La subjetividad va moldeándose de esta manera, delineando modalidades específicas de pensar,
sentir, vincularse, experimentar el cuerpo. Ciertos estereotipos van operando en la consolidación
de estas subjetividades “tradicionales” (pero queda cierto margen para otras alternativas,
innovadoras o contraculturales). Se esperará que una niña sea de determinada manera: sumisa,
obediente, cariñosa, cuidadosa, prolija, entre otras. Del varón se admitirá que sea agresivo,
desobediente, fuerte, autónomo, para solamente enunciar algunos caracteres prescriptos. La
escuela, puede advertirse, ejerce una función reproductora de numerosas de estas atribuciones.
Corresponde que señalemos dos advertencias: por una parte que muchos de estos enunciados
tradicionales pueden ser condición de sufrimiento en niñas y niños que no responden a esos
estereotipos, sobre todo si son excesivamente rígidos y ahogan la singularidad subjetiva; por otra,
que los imaginarios sociales van mutando a lo largo de los procesos históricos, lo cual hace
también que se modifiquen las experiencias subjetivas de los individuos que se conforman en
momentos diferentes (así por ejemplo notamos que el modo con el cual nuestras niñas de hoy se
viven a sí mismas como mujeres, dista mucho de la experiencia que tuvieron sus madres o
abuelas, y adoptan atributos que en otro momento hubieran sido motivo de rechazo o
inadecuación).
Con este ejemplo, que refiere a una de las dimensiones de la subjetividad en la que se registra
el influjo de las determinaciones de los imaginarios sociales, hemos tratado de mostrar que no
podemos aspirar a una comprensión del sujeto sin referencia a los contextos (históricos,
culturales, sociales, políticos) en los que se construyen.

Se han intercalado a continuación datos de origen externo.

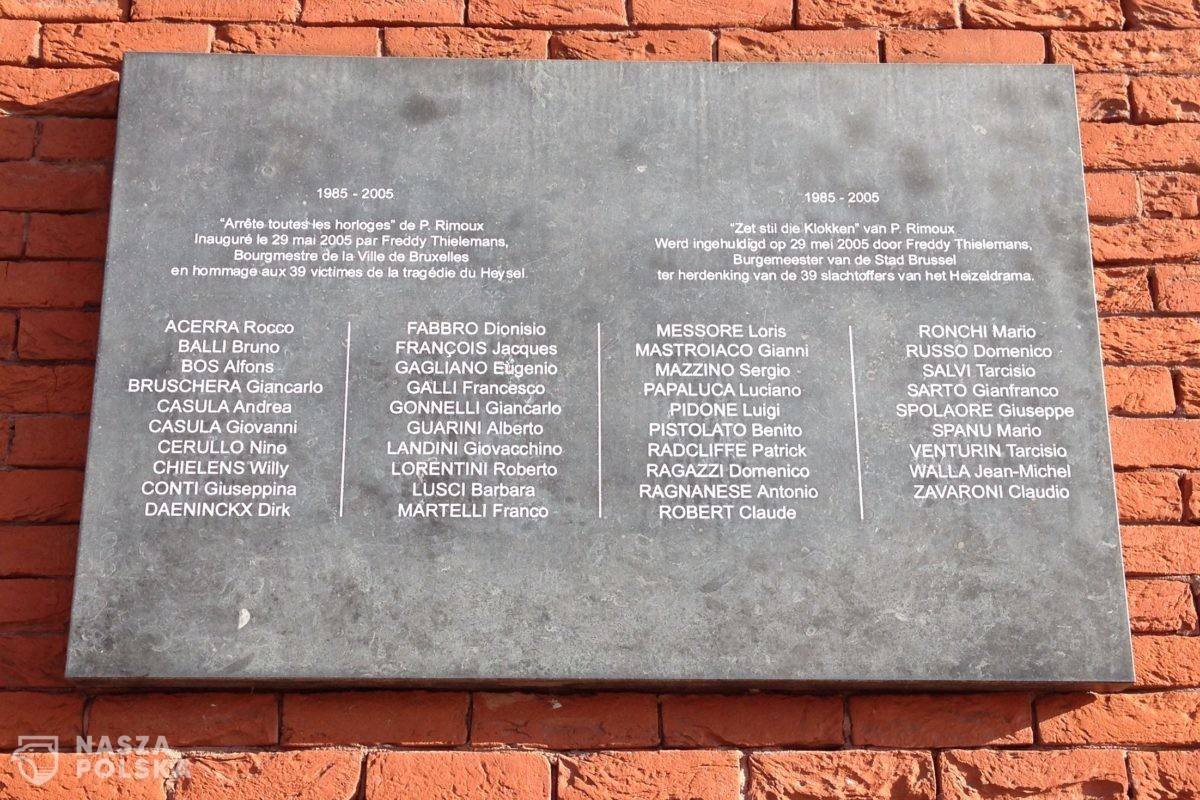 Mija 35 lat od tragedii na stadionie Heysel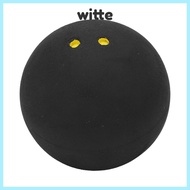 WITTE Squash Ball, 40MM Black Rubber Squash Balls, Squash Racket Supplies Double Yellow Dot Training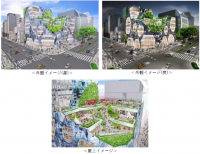東京神宮前六丁目再開発、奇抜な外観のビル構想を発表　2022年度完成予定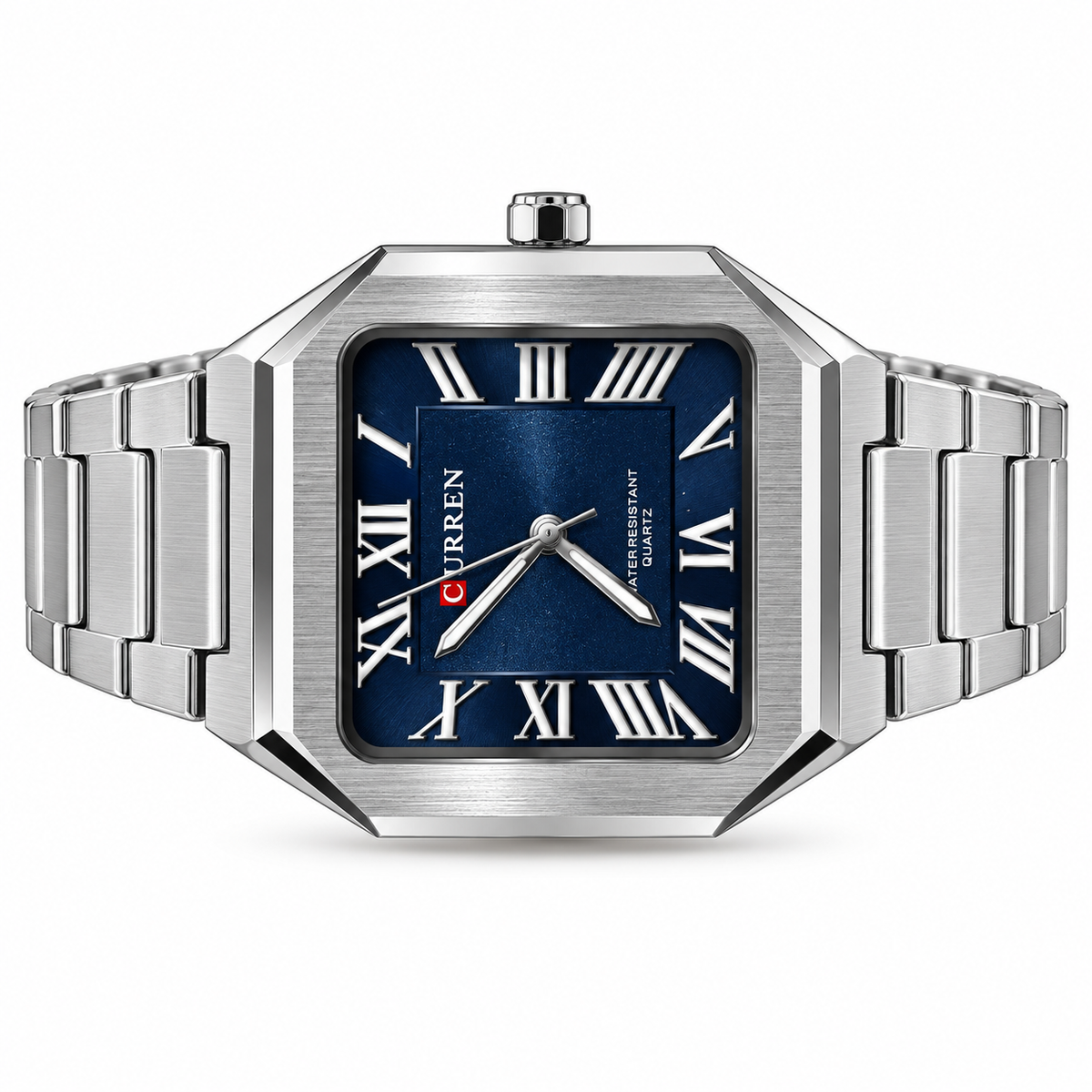 Curren Rectangular Navy Dial Watch(man)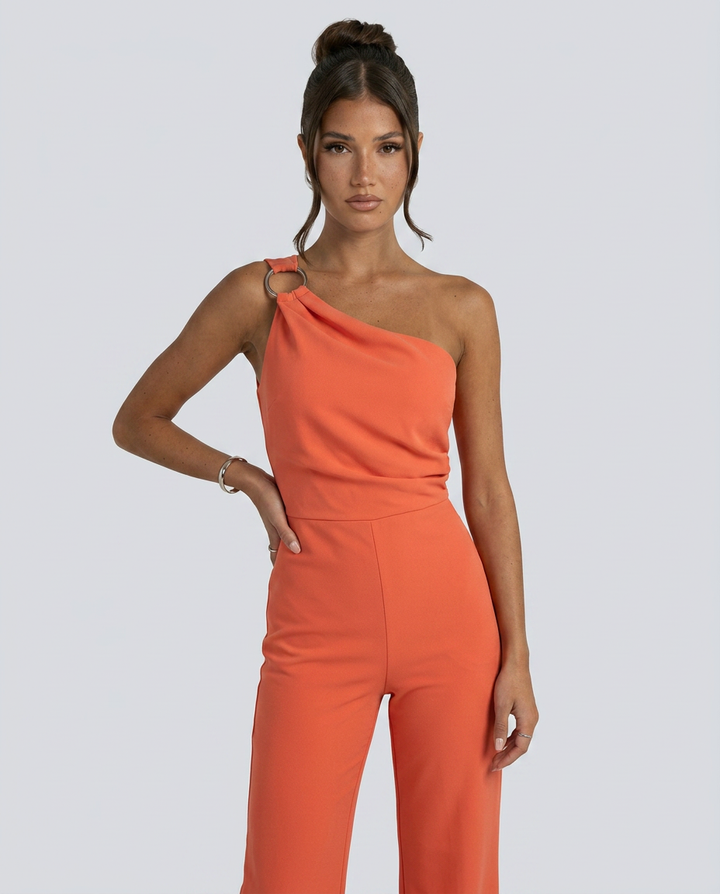 Lucile | One-Shoulder Jumpsuit with Wide-Leg Trousers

Podemos avanzar haciendo aún una precisión más: si bien es cierto que la subjetividad, en su
dimensión social, se construye históricamente, hay ciertos procesos psíquicos que son de carácter
universal y no se ven modificados por las variaciones de época. Por ejemplo, los mecanismos
psíquicos que permiten que un niño o una niña configuren un “yo”, o que se instale la represión
originaria que funda lo Inconciente, son logros generales propios del modo humano de
constituirnos, necesarios para una estructuración subjetiva saludable. Esas conquistas psíquicas
corresponden a un orden de necesidad que trasciende las mutaciones históricas (y diríamos que se
han dado regularmente a lo largo de la historia de la humanidad, tanto en los niños y niñas del
Siglo X como en los que pueblan actualmente nuestras escuelas).
A estos procesos remite la noción de constitución psíquica, que el Psicoanálisis ha expuesto
para dar cuenta de los mecanismos y trabajos psíquicos fundacionales de carácter permanente,
que no se ven subordinados a modelos sociales y que se sostienen teóricamente como la base
universal de la organización de la vida anímica o psiquismo.